= Beginning of Section =

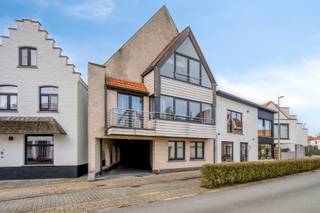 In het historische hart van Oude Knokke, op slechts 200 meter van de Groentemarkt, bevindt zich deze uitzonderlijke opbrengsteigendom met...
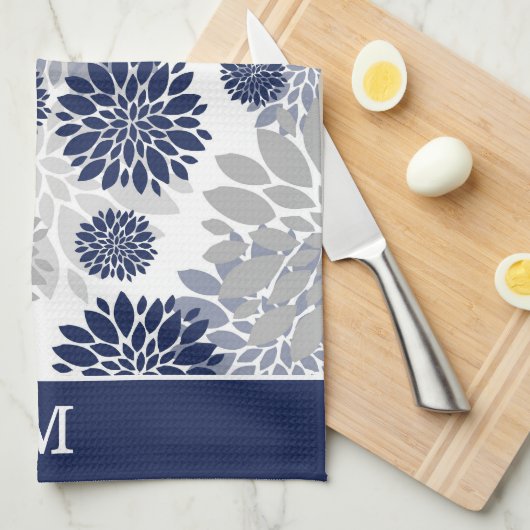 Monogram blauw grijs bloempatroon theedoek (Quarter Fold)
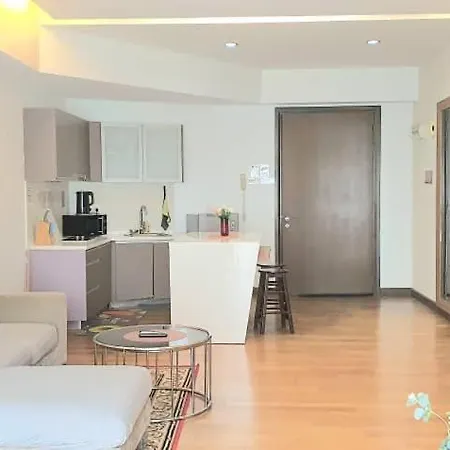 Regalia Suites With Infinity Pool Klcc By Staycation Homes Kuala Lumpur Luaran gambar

= End of Section =

ACTIVITY
Your copy should match the listing exactly, apart from the pictures it leaves out.

SOLVED EXERCISE
 In het historische hart van Oude Knokke, op slechts 200 meter van de Groentemarkt, bevindt zich deze uitzonderlijke opbrengsteigendom met...
 Monogram blauw grijs bloempatroon theedoek (Quarter Fold)
 Regalia Suites With Infinity Pool Klcc By Staycation Homes Kuala Lumpur Luaran gambar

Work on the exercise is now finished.